1. Name what’s happening without dramatizing it

The moment you can say, this is imposter syndrome, not truth, something settles. You stop spiralling and start orienting. Naming it activates the rational part of the brain and brings you back into the body, which is one of the most effective ways to get rid of imposter syndrome in the moment because it separates sensation from story.

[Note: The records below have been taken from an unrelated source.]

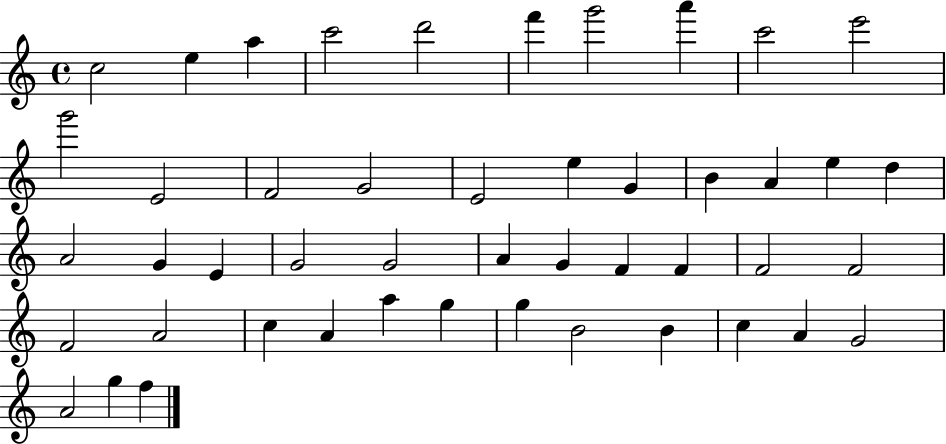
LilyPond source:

{
  \clef treble
  \time 4/4
  \defaultTimeSignature
  \key c \major
  c''2 e''4 a''4 | c'''2 d'''2 | f'''4 g'''2 a'''4 | c'''2 e'''2 | \break g'''2 e'2 | f'2 g'2 | e'2 e''4 g'4 | b'4 a'4 e''4 d''4 | \break a'2 g'4 e'4 | g'2 g'2 | a'4 g'4 f'4 f'4 | f'2 f'2 | \break f'2 a'2 | c''4 a'4 a''4 g''4 | g''4 b'2 b'4 | c''4 a'4 g'2 | \break a'2 g''4 f''4 | \bar "|."
}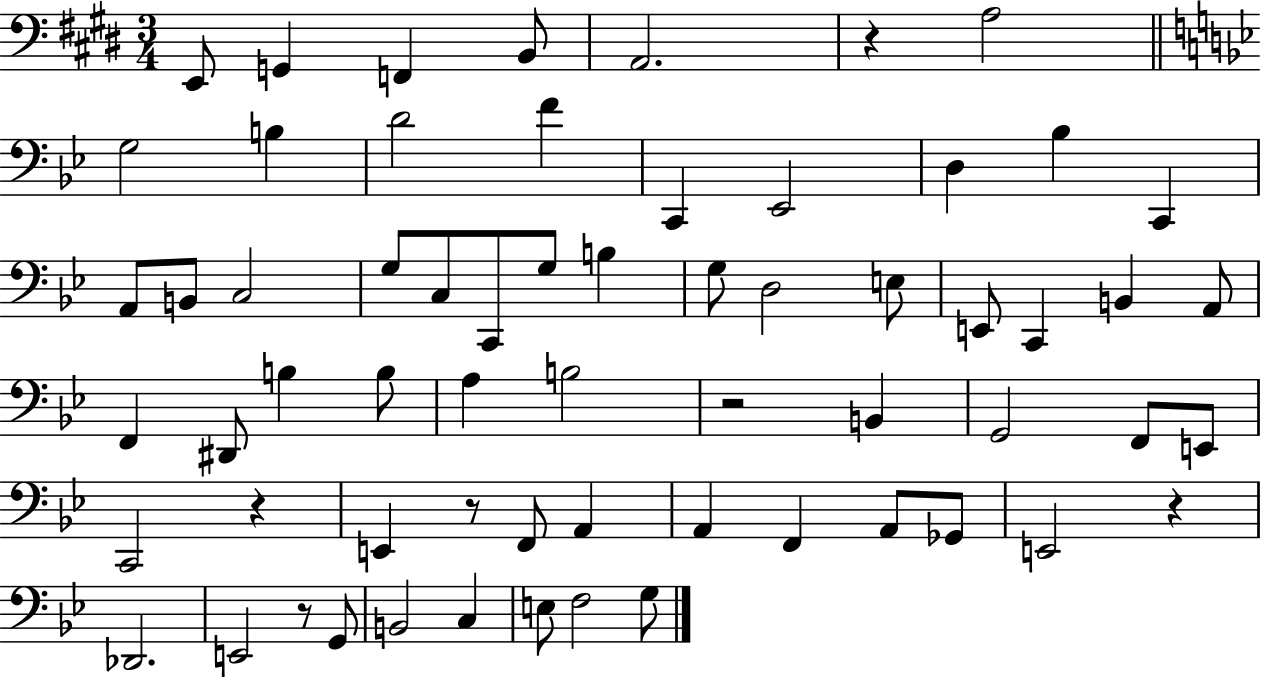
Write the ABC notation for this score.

X:1
T:Untitled
M:3/4
L:1/4
K:E
E,,/2 G,, F,, B,,/2 A,,2 z A,2 G,2 B, D2 F C,, _E,,2 D, _B, C,, A,,/2 B,,/2 C,2 G,/2 C,/2 C,,/2 G,/2 B, G,/2 D,2 E,/2 E,,/2 C,, B,, A,,/2 F,, ^D,,/2 B, B,/2 A, B,2 z2 B,, G,,2 F,,/2 E,,/2 C,,2 z E,, z/2 F,,/2 A,, A,, F,, A,,/2 _G,,/2 E,,2 z _D,,2 E,,2 z/2 G,,/2 B,,2 C, E,/2 F,2 G,/2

2. Regulate the body before interrogating the mind

Imposter syndrome lives in the nervous system first and the thoughts come second. Tight chest, shallow breath, restlessness, that slightly buzzy feeling of being on edge. Slow the body down before you try to think your way out of it. A regulated body creates a clearer mind, and this is a foundational part of learning how to get rid of imposter syndrome sustainably.


3. Ground yourself in real evidence, not reassurance

Your nervous system doesn’t need affirmations, it needs proof. Look at the work you’ve done, the rooms you’ve been invited into, the trust people place in you, the results you’ve created. This isn’t about ego, it’s about orientation. Evidence anchors you back into reality and stops imposter syndrome from running unchecked.


4. Notice where you’re trying to earn your place

Over-preparation and over-explaining are often signs that imposter syndrome is driving the behaviour. Excellence feels calm and intentional. Over-performing feels frantic and charged. Learning to spot this difference is one of the most practical ways to get rid of imposter syndrome because it stops you reinforcing the pattern.


5. Update your internal identity to match your external life

This is the deeper work. If your inner dialogue is still speaking to a past version of you, imposter syndrome will keep knocking. Speak to yourself as the woman, leader, or creative you are now, not the one you’ve already outgrown. Identity lag is at the core of imposter syndrome, and closing that gap is how to get rid of imposter syndrome long term.


Here’s the truth I wish more people understood. Imposter syndrome doesn’t mean you’re pretending. It doesn’t mean you’re underqualified. It doesn’t mean you’re about to be exposed. Very often, it simply means you’re standing in a new level of responsibility and your system is catching up.


The people most affected by imposter syndrome are rarely the ones faking it. They’re usually the ones who care, who are conscientious, who feel the weight of what they’re holding, and who are deeply invested in doing things with integrity. That matters.


So if you’re finding yourself searching how to get rid of imposter syndrome right now, pause before you turn it into a problem to fix. Ask instead whether you’re in the middle of an identity upgrade. Whether you’re being asked to stand more fully in who you already are, without apologising or shrinking to feel safe.


You’re not an imposter in the room.

You’re just becoming familiar with your own authority.

And that, for most people, takes longer than they expect.